From PostgreSQL wiki

Revision as of 13:57, 16 August 2012 by Alexk (Talk | contribs)

Jump to: navigation, search

Up to parent


Linux and BSD

Linux and BSD systems generally use the GNU compiler collection and the GNU Debugger ("gdb"). It's pretty trivial to get a stack trace of a process.

Installing External symbols

(BSD users who installed from ports can skip this)

On many Linux systems, debugging info is separated out from program binaries and stored separately. It's often not installed when you install a package, so if you want to debug the program (say, get a stack trace) you will need to install debug info packages. Unfortunately, the names of these packages vary depending on your distro, as does the procedure for installing them.

Some generic instructions (unrelated to PostgreSQL) are maintained on the GNOME Wiki here.

On Ubuntu

First, follow the instructions on the Ubuntu wiki entry DebuggingProgramCrash.

Once you've finished enabling the use of debug info packages as described, you will need to use the script linked to on that wiki article to get a list of debug packages you need. Installing the debug package for postgresql alone is not sufficient.

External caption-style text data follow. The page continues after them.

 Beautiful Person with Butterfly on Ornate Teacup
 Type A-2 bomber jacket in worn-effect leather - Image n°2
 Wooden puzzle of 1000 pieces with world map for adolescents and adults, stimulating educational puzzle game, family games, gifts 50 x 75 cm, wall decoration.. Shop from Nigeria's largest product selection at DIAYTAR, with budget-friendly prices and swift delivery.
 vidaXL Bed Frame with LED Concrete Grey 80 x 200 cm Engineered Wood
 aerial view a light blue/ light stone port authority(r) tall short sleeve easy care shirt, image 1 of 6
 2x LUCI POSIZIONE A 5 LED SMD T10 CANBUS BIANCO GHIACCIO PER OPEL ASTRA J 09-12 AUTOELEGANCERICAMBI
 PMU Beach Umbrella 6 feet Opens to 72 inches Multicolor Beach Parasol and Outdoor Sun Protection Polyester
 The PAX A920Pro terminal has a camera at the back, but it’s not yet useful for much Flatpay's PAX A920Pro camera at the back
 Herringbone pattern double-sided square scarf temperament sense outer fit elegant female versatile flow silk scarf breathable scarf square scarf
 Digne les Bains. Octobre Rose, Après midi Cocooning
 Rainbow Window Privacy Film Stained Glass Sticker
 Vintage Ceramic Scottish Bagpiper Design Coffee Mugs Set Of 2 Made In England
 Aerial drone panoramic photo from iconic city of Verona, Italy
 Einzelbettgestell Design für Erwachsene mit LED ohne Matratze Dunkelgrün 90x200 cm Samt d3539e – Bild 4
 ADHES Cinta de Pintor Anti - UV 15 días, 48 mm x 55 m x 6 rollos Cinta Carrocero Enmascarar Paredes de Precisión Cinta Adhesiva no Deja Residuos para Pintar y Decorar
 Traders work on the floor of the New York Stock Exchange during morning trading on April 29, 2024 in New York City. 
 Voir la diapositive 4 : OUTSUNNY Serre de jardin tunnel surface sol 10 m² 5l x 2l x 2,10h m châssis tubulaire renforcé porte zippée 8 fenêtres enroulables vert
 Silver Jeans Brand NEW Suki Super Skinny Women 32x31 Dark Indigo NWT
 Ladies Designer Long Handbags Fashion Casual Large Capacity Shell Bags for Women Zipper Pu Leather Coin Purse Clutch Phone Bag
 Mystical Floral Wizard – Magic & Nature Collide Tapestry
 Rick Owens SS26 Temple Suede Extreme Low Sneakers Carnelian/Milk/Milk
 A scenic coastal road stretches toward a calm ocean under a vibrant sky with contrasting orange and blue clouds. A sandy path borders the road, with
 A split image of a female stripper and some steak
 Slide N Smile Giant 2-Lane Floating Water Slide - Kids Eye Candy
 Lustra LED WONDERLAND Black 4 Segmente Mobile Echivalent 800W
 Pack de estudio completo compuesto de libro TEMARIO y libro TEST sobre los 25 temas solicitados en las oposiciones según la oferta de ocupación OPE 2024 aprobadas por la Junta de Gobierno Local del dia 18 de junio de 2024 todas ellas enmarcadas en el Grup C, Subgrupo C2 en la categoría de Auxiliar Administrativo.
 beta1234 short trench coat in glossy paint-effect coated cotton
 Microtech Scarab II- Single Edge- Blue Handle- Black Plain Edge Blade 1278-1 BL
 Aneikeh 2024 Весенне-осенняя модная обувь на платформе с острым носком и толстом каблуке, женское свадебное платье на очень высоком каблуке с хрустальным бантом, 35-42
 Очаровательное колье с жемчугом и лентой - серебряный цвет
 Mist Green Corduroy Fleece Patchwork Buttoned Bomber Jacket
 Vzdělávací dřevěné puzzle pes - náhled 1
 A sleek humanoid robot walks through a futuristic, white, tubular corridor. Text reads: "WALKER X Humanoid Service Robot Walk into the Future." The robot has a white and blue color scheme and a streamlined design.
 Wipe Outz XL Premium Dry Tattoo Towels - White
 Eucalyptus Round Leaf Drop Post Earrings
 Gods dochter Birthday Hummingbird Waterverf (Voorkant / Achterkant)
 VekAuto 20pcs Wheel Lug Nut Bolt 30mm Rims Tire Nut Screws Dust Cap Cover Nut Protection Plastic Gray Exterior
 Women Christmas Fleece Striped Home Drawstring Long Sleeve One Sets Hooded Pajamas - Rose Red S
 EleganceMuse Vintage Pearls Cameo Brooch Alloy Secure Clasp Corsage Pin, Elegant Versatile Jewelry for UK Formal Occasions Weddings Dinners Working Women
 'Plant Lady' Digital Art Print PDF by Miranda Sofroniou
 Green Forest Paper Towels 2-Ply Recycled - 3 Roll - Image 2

After following the instructions on the Ubuntu wiki, download the script to your desktop, open a terminal, and run:

$ sudo apt-get install $(sudo bash Desktop/ -t -p $(pidof -s postgres))

On Fedora

All Fedora versions: - StackTraces

Other distros

In general, you need to install at least the debug symbol packages for the PostgreSQL server and client as well as any common package that may exist, and the debug symbol package for libc. It's a good idea to add debug symbols for the other libraries PostgreSQL uses in case the problem you're having arises in or touches on one of those libraries.

Collecting a stack trace

How to tell if a stack trace is any good

Read this section and keep it in mind as you collect information using the instructions below. Making sure the information you collect is actually useful will save you, and everybody else, time and hassle.

It is vitally important to have debugging symbols available to get a useful stack trace. If you do not have the required symbols installed, backtraces will contain lots of entries like this:

#1  0x00686a3d in ?? ()
#2  0x00d3d406 in ?? ()
#3  0x00bf0ba4 in ?? ()
#4  0x00d3663b in ?? ()
#5  0x00d39782 in ?? ()

... which are completely useless for debugging without access to your system (and almost useless with access). If you see results like the above, you need to install debugging symbol packages, or even re-build postgresql with debugging enabled. Do not bother collecting such backtraces, they are not useful.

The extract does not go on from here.